Activity: For the listing below, output exactly the lines from the line with "FOURIE Johan Andries" up to and including the line with "Stretched Canvas for", and no other lines.

Records to use:
··········

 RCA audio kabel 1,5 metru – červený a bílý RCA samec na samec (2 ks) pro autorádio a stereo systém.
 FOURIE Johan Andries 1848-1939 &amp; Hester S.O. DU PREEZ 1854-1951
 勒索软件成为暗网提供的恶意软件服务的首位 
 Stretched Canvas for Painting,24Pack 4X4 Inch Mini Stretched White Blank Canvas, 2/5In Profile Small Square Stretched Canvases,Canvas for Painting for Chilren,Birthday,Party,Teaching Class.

··········

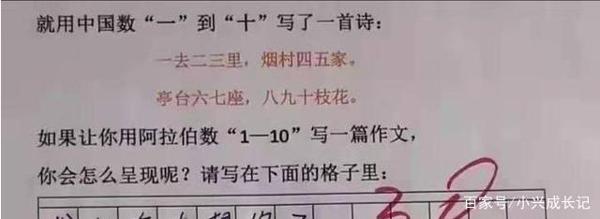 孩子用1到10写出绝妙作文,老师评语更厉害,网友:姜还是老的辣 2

··········

The answer:
 FOURIE Johan Andries 1848-1939 &amp; Hester S.O. DU PREEZ 1854-1951
 勒索软件成为暗网提供的恶意软件服务的首位 
 Stretched Canvas for Painting,24Pack 4X4 Inch Mini Stretched White Blank Canvas, 2/5In Profile Small Square Stretched Canvases,Canvas for Painting for Chilren,Birthday,Party,Teaching Class.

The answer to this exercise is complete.